Our .ansible.cfg file

Our custom ssh config file

The terraform init task is needed in order for the appropriate provider to be downloaded locally (in our case the AWS provider), which will be used by Terraform to provision our resources. The last task is the call to the Terraform module.

Our Terraform files

There are a few files that we’ll be using in order to run our Terraform code. Those can be found in the terraform folder.

These are:

The variables.tf file, which contains some variables. Some of them are already initialized, while others will get their values either from the user when the script will be run (prompt), or from the terraform.tfvars file.
The outputs.tf which list certain values to be outputted after the completion of the main.tf script.
The terraform.tfvars file which initializes all of the variables declared at the variables.tf file that the user would be prompted to initialize (in order to fully automate the process).
The main.tf file, which as the name imples, is our main code file, containing all resource definitions.

The terraform.tfstate is a file that is produced after the execution of the Terraform code, and in our case is stored locally.

The “variables.tf” file

In our example, variables include the region that the infrastructure will be created at, the VPC CIDR, the private key-pair file name and location, the EC2 family type to be used, etc.

The “outputs.tf” file

We’ll use this file to print the DNS name of the Application Load Balancer, as well as the public DNS of the Latest News website app, at the end of our code execution.

The “terraform.tfvars” file

At this file, we’ll define the region, the IP from which we’ll access the bastion host and the website, as well as the name and location of our private key.

The “main.tf” file

In the beggining of the file, we declare information about the provider to be used, such as its name and optionally the credentials that we’ll use to connect to it.
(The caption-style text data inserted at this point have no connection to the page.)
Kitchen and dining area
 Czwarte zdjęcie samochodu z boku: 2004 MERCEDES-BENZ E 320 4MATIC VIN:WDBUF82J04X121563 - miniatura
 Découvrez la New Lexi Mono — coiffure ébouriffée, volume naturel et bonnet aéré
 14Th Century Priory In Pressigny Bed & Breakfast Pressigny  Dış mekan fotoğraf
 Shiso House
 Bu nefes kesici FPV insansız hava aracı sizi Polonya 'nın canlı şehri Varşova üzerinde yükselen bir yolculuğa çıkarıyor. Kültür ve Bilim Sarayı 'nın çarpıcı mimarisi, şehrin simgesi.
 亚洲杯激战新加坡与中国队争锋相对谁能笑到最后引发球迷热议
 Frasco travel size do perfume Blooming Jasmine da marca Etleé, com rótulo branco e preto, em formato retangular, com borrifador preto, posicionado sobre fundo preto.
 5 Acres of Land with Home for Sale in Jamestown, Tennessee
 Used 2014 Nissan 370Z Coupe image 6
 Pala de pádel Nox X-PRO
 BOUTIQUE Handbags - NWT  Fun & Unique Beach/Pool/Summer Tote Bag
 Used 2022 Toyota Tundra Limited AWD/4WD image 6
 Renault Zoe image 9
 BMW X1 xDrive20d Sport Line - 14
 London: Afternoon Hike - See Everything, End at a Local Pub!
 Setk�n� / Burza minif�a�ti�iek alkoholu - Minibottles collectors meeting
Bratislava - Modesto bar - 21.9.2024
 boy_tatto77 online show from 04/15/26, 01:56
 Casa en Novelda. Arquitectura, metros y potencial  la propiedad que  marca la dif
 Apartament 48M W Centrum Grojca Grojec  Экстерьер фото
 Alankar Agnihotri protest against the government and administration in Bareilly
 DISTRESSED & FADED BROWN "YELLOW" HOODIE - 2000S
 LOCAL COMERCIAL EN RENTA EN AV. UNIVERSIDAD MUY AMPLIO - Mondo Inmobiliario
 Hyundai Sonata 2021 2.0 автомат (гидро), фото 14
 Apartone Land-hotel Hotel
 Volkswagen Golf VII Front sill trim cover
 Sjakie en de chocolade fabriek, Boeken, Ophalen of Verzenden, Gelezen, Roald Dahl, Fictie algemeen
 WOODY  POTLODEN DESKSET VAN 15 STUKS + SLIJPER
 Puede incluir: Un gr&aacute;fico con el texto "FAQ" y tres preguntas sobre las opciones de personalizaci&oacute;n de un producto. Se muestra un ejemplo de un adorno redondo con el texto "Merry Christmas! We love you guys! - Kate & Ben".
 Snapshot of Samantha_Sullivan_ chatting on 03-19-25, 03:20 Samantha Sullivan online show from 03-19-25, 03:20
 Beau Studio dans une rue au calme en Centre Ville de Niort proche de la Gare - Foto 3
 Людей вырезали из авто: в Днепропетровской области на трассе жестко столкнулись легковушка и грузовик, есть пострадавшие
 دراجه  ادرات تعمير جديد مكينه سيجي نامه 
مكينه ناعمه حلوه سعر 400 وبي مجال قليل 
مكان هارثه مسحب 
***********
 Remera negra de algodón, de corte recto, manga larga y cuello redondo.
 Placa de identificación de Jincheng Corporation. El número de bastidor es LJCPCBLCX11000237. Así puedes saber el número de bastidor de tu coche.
When I run this locally though, I don’t declare the latter, as they’re saved at ~/.aws/credentials file that I have created locally:

[default]
aws_access_key_id=YKRAXU45ALKEWJWDVQT9
aws_secret_access_key=1TRE/p+NIg54MYG32veqxEU4OeGvFMf0hPOO2BXS

We then move on with the provisioning of our infrastructure resources, starting from the VPC and the Internet Gateway.

We declare our subnets, creating 2 in each Availability Zone and using the cidrsubnet funtion to determine dynamically the subnet’s CIDR.

The way that the specific function works might be a bit hard to understand, but I found a nice article that explains things in more details.

We move on with the creation of Elastic IPs and NAT Gateways…

…our Route Tables and their associations with subnets…

…and our Security Groups

At this point, we have all needed resources ready in order to start coding our EC2 instances definitions.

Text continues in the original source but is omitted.